Pada siang hari matahari memaparkan sinar matahari juga diserap permukaan bumi. Tidak hanya diserap namun juga dipantulkan kembali. Pada petang hari, permukaan bumi (tanah) masih menyimpan panas tadi, dan masih memancarkannya ke langit. Ketika ada awan, akan terhalang, sehingga energi panas itu kembali memantul ke bumi.
Panas yang diterima sekarang berasal dari dua sumber. Panas yang masih tersimpan dan panas akibat pemantulan balik dari awan oleh panas di bumi. Hal inilah yang menurutnya disebut sebagai efek rumah kaca.
Seperti dijelaskan pada tulisan ini. Artikel lain berjudul Asumsi Laser dan Kemarau Panjang dibuat oleh I Wayan Suardana, Kepala Balai Besar MKG Wilayah III pada 2015.
Ia menyebut lampu sorot yang diasumsikan oleh sebagian masyarakat sebagai laser yang digunakan dalam kegiatan-kegiatan tertentu tidak memiliki kemampuan untuk memecah awan-awan hujan. Penggunaan lampu sorot berguna untuk menginformasikan kepada khalayak bahwa di lokasi tersebut sedang ada suatu kegiatan.
Jika diasumsikan lampu sorot memiliki derajat panas 1000 C suhu radiasi yang dipancarkan akan mendekati 00 C pada jarak 2,8 meter. Jika lampu sorot yang digunakan memiliki derajat panas 2000 C, suhu radiasi yang dipancarkan akan mencapai 00 C pada jarak 4,5 meter sedangkan lampu sorot yang digunakan memiliki derajat panas 3000 C, suhu radiasi yang dipancarkan akan mendekati 00 C pada jarak 6,6 meter.Dengan demikian lampu sorot sangat sulit untuk menembus ketinggian dasar awan di wilayah Bali yang berkisar antara 400 –600 meter.
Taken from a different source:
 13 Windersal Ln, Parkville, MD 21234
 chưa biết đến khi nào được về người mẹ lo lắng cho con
Laser dijelaskan kependekan dari bahasa asing, Light Amplification by Stimulated Emission of Radiation. Manfaatnya dalam bidang industri, sinar laser untuk pengelasan, pemotongan lempeng baja, pengeboran, bidang astronomi, dan lainnya.
Sesungguhnya yang terjadi di masyarakat adalah penggunaan lampu sorot dalam berbagai kegiatan-kegiatan di areal terbuka. Lampu sorot yang dianggap sebagai laser oleh sebagian besar masyarakat berguna untuk menginformasikan kepada khalayak bahwa di lokasi tersebut sedang dilaksanakan suatu kegiatan atau event.
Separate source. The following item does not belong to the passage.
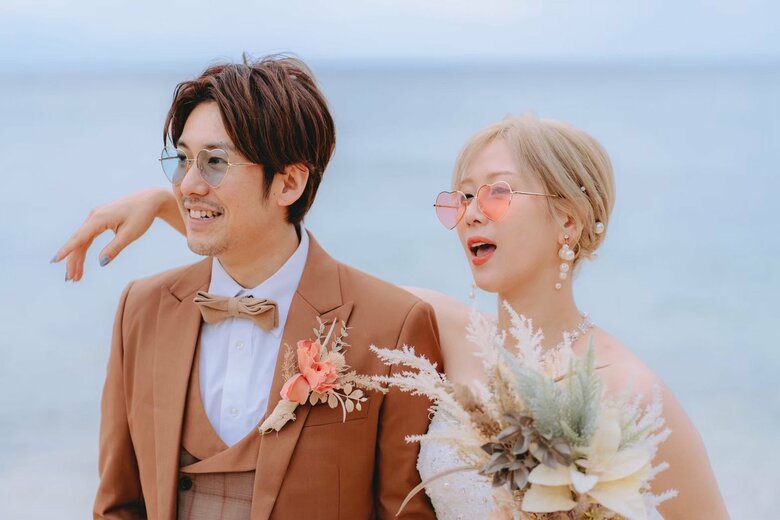 結婚式のひとコマ。美男美女でとてもお似合い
Panjangnya musim kemarau tahun ini yang terjadi di Provinsi Bali sangat berkaitan dengan dinamika cuaca atau iklim yang terjadi di sekitar wilayah Indonesia. Adanya aktifitas El Nino di perairan Samudera Pasifik di bagian timur Indonesia berdampak terhadap penarikan uap air dari wilayah Indonesia menuju Samudera Pasifik.
Sehingga dampak yang ditimbulkan wilayah Indonesia yang berada di selatan khatulistiwa seperti Jawa, Bali dan Nusa Tenggara mengalami kekurangan pasokan hujan.
Musim Hujan Mundur
Menurut pengumuman Badan Meteorologi, Klimatologi, dan Geofisika (BMKG), prakiraan musim hujan 2019/2020 di Indonesia secara umum mundur. Awal Musim Hujan 2019/2020 di 342 Zona Musim (ZOM) diprakirakan umumnya mulai bulan Oktober 2019 sebanyak 69 ZOM (20.2%), November 2019 sebanyak 161 ZOM (47.1%), dan Desember 2019 sebanyak 79 ZOM (23.1%).
Jika dibandingkan terhadap rata-ratanya selama 30 tahun (1981- 2010) di 342 Zona Musim, awal musim hujan 2019/2020 sebagian besar daerah yaitu 253 ZOM (74.0%) diperkirakan mundur dibandingkan dengan rata-ratanya. Sebanyak 64 ZOM (18.7%) diperkirakan sama terhadap rata-ratanya. Sedangkan yang diprakirakan maju terhadap rata-rata sebanyak 25 ZOM (7.3%).
Sifat hujan selama musim hujan 2019/2020 di sebagian besar daerah yaitu 250 ZOM (73.1%) diprakirakan normal dan 74 ZOM (21.6%) diperkirakan bawah normal. Sedangkan atas normal sebanyak 18 ZOM (5.3%).
Puncak musim hujan 2019/2020 di 342 Zona Musim (ZOM) umumnya terjadi pada bulan Januari 2020 sebanyak 128 ZOM (37.4%) dan bulan Februari 2020 sebanyak 115 ZOM (33.6%).